I have limited exposure. We use them at my place of work for 2fa for our VPN. And an organization we work with uses it for authentication.

But I haven't had to use them in anything I've developed.




The idea of outsourced identity is just so contradictory it makes my blood pressure shoot up when people sincerely suggest it.

I'll make an exception for Office 365 / AAD when an organization has already got their userbase added, but after that I'd wager if an org is big enough to need their own federated authX, then they're big enough to deploy IdentityServer and be done with it.


Welcome to the future of the internet and web! Originally everyone was supposed to run their own servers and websites, but instead we have... The cloud?

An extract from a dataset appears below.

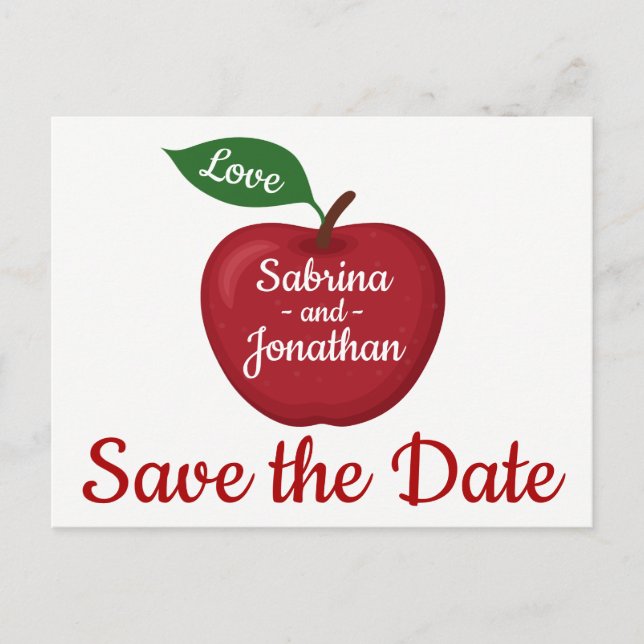 Red Burgundy Apple Save The Date Wedding Engagemen Announcement Postcard (Front)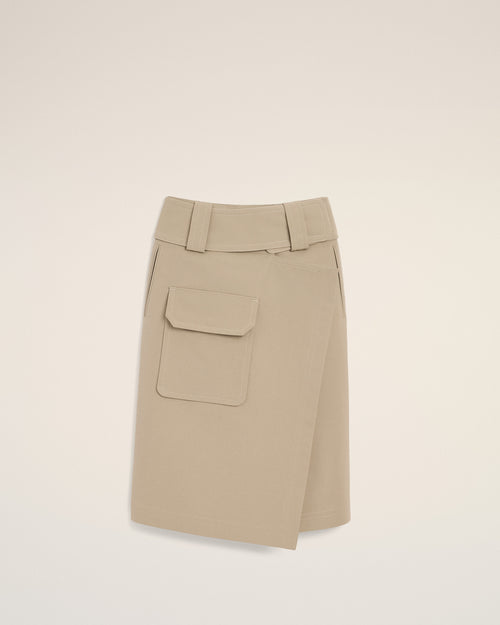                                 Jupe Portefeuille Beige en Coton - 3                             - Ami Paris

Hardly surprising that it didn't stop with that, and today you can basically build an app on 100% rented hardware/software via services. So if we're already outsourcing everything else, why not identity?


That's a bad wager to make. In B2B it's not unusual for small, under-resourced companies to have big customers that all require an integration with their own identity solutions.


That’s my point: IdentityServer (for example) is what enables any org capable of running a website themselves to integrate with other OIDC-conformant identity solutions via federation without having to cede any control over their identity system.

A good business case is a where a company (or public department) outsources their identity system to a company that doesn't have a 24/7 emergency phone line and people can't login and it's a business emergency - but I recognize this scenario is the same as "outsourcing is cheaper than in-sourcing, but outsourcing with the same level of quality and service as in-sourcing costs more than in-sourcing". YMMV.